Facebook’s “want” button will be well received by consumers for a number of reasons. It’s a clever idea because Facebook users enjoy looking at and knowing what their friends are interested in buying. At the same time, this data is hugely valuable to consueer brands. The “want” button is a significant step towards evolving Facebook into a force in online commerce. Facebook is expected to take a cut of all sales generated through the site, which could be a huge new revenue stream if brands can make the buying process seamless. This means that brands will most likely have to review their order management systems to keep pace. The new button won’t deter people from using Facebook. If you look at the way people use Facebook now, they are already very willing to “like” brands or products and essentially the “want” button is just an extension of that.
Richard Britton is managing director of CloudSense.
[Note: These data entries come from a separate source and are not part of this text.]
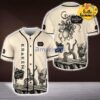 Kraken Black Spiced Rum Rum Baseball Jersey Shirt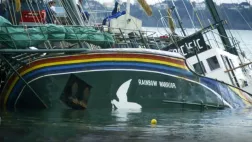 Qui a coulé le Rainbow Warrior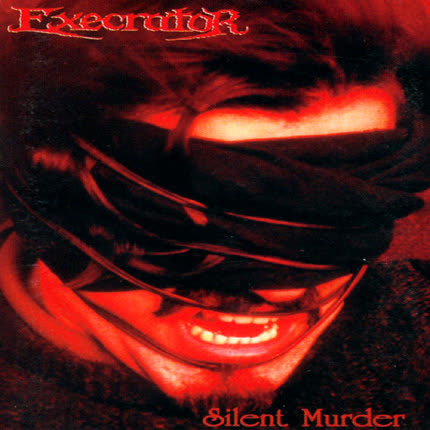 Carátula EXECRATOR - Silent Murder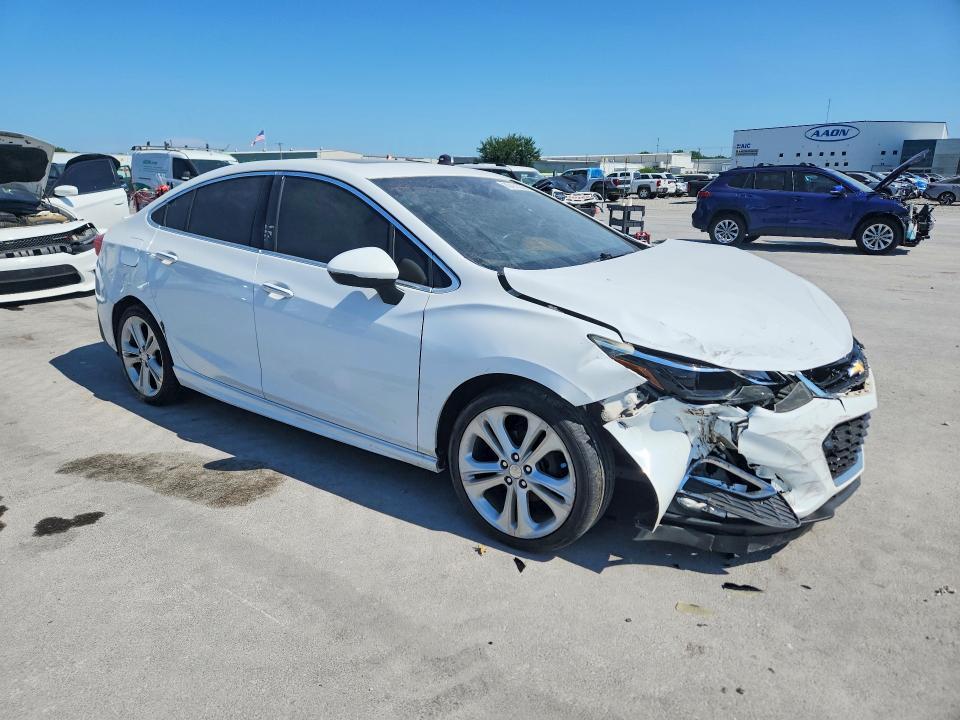 1G1BG5SM5G7310964 2016 CHEVROLET CRUZE photo no. 4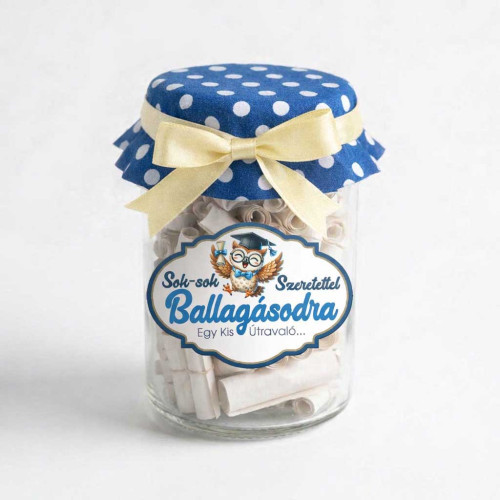 Ballagási Kívánság Befőttek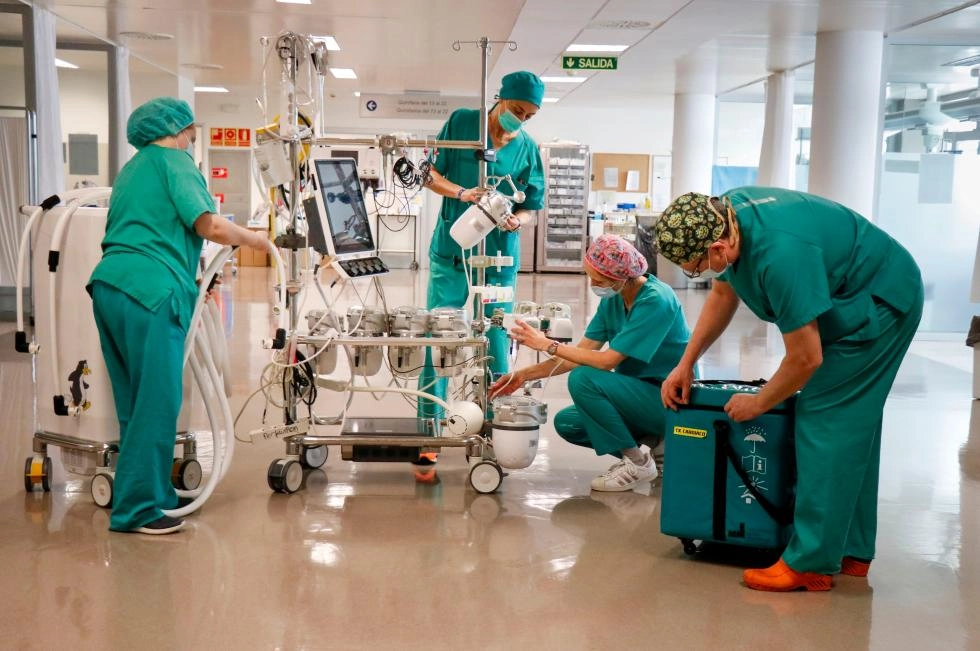 Imagen del artículo La Comunitat Valenciana ocupa el primer puesto de España en la optimización de órganos donados a corazón parado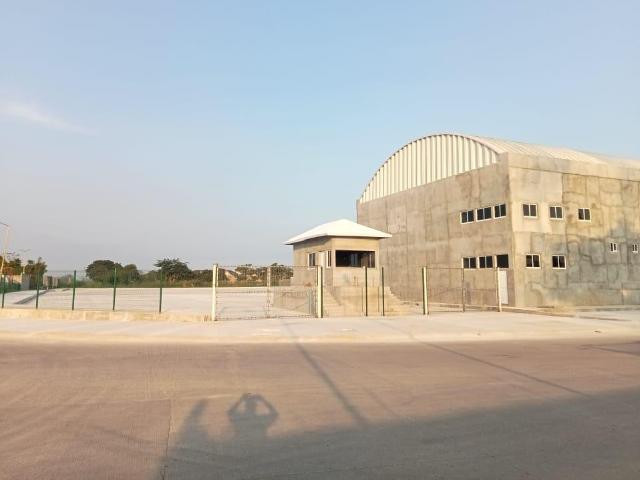 Bodega en Renta con Patio de maniobras Parque Industrial Villahermosa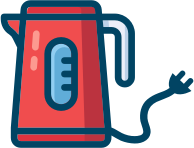 electric coffee pot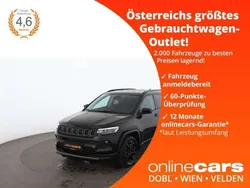 Schwarz Gebraucht 2022 Jeep Compass SUV | € 25.210 (Superpreis)
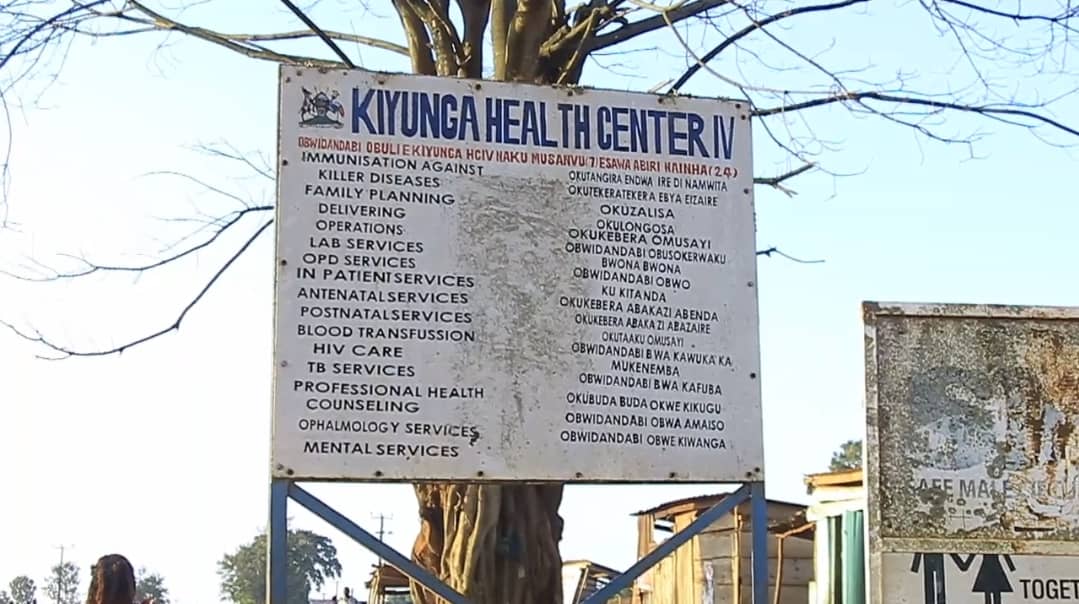 Kiyunga Health Center IV Official Arrested Over Drug Theft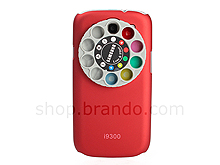 Samsung Galaxy S III I9300 Rotatable Lens and Color Filters Back Case
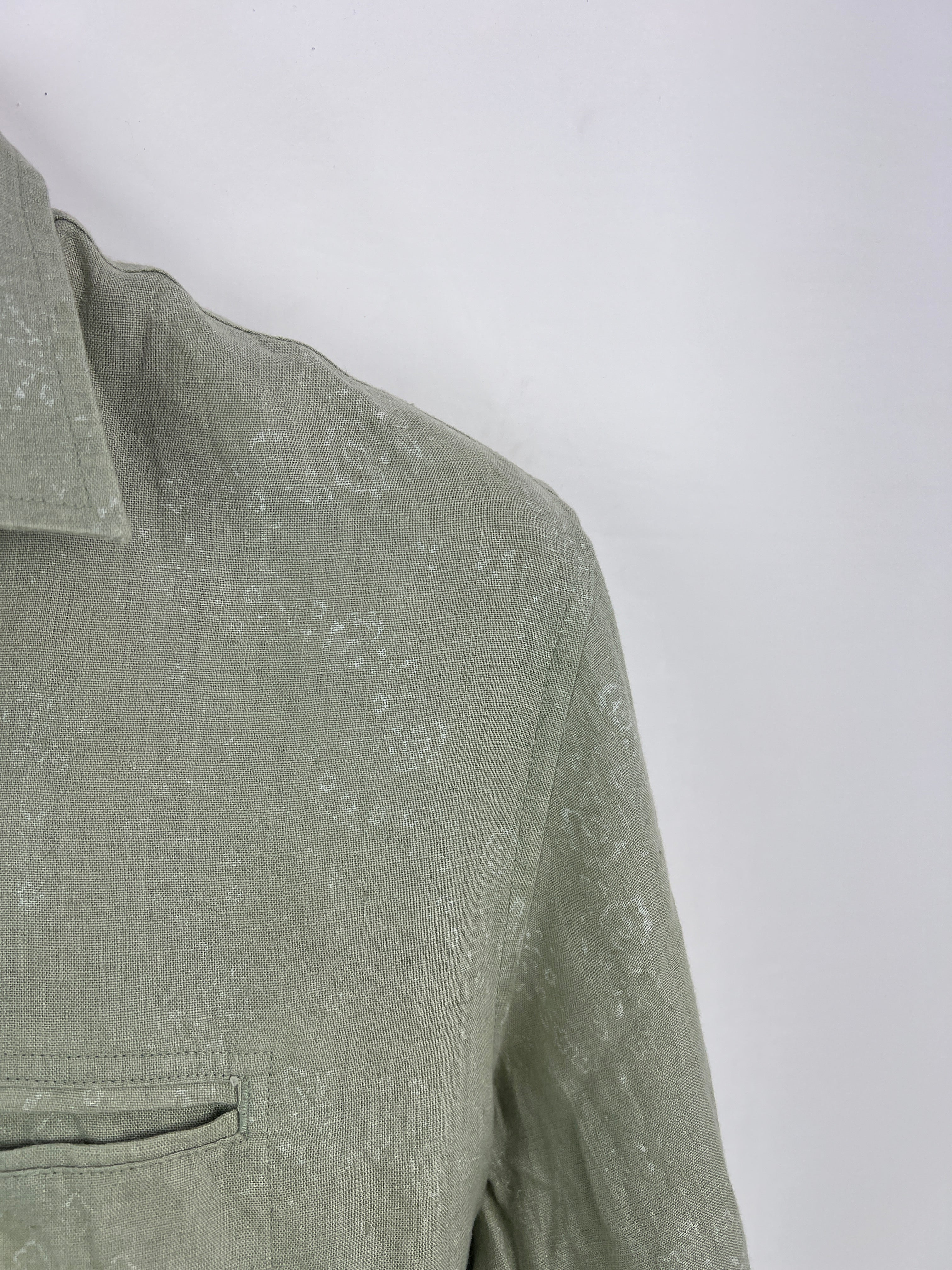 Linen Shirt (Medium)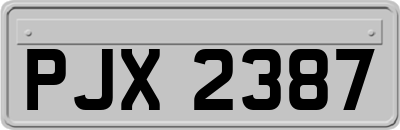 PJX2387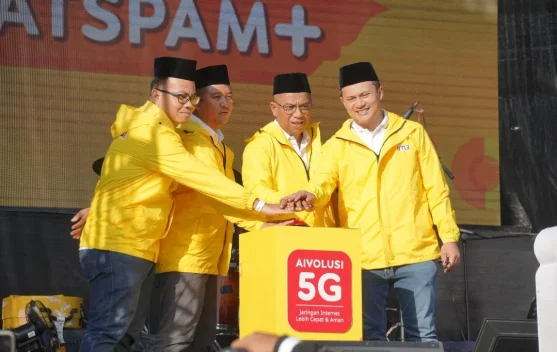 Kasus Penipuan Digital di Lampung Masuk 5 Besar Nasional, IM3 Perkenalkan SATSPAM+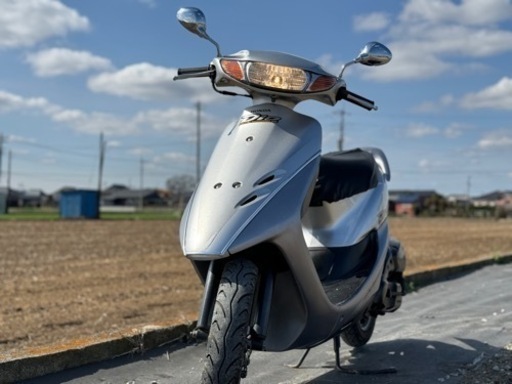 バイク 原付 Dio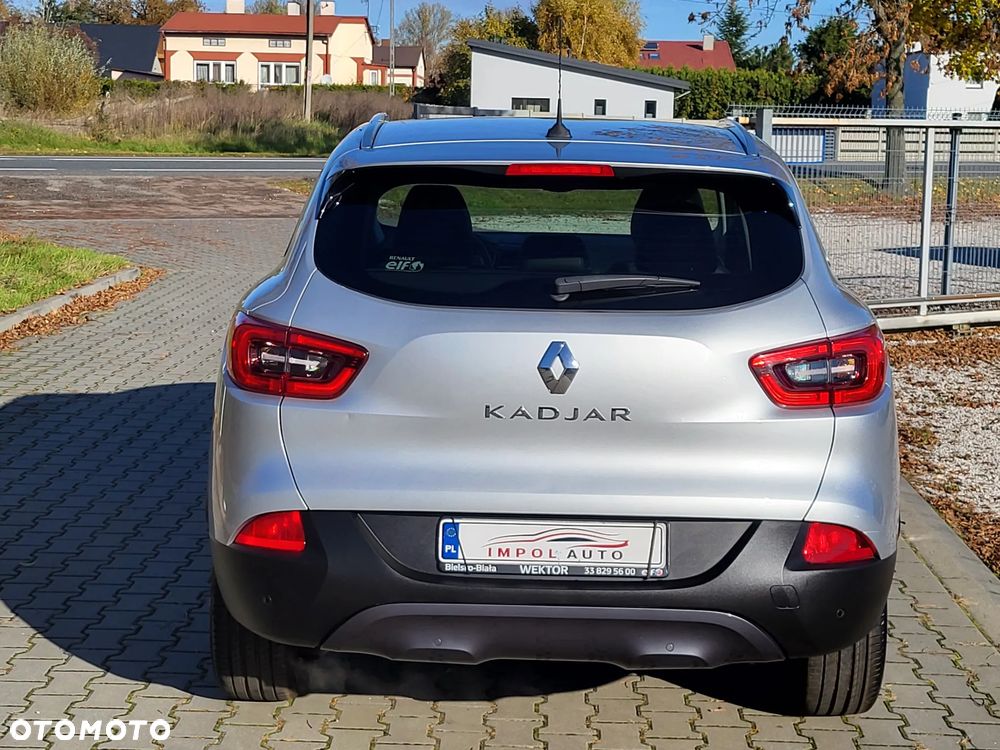 Renault Kadjar 1.2 Energy TCe Limited EDC - 4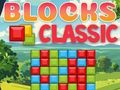 Hra Klasické bloky 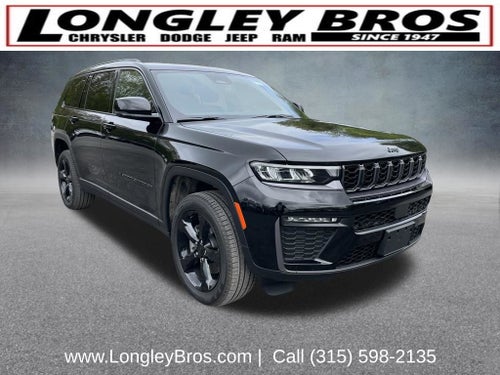2026 Jeep Grand Cherokee L Limited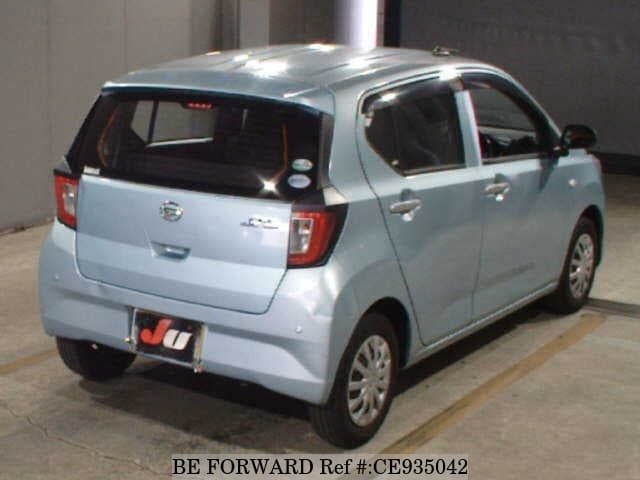 Daihatsu MIRA ES L SA 3 — фото 2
The Facebook “want” button will be interesting to follow if it delivers on a bigger purpose, like creating a “wish-list” or collection (as it seems to have been named) that has a stronger call to action than the “like” button. If Facebook can tie ecommerce closer into the network, this could have a massive effect on online shoppers’ behaviour, forcing retailers to relate to Facebook in a completely different way. However, it remains to be seen whether Facebook can catch up with Pinterest, which has a considerable lead in this space. It also remains to be seen whether such a blatantly commercial button on Facebook will appeal to users, and whether this will be the solution to Facebook’s current challenge of finding a feasible monetisation solution to its recent problems.
Carl Waldekranz is co-founder and chief executive of the ecommerce start-up Tictail.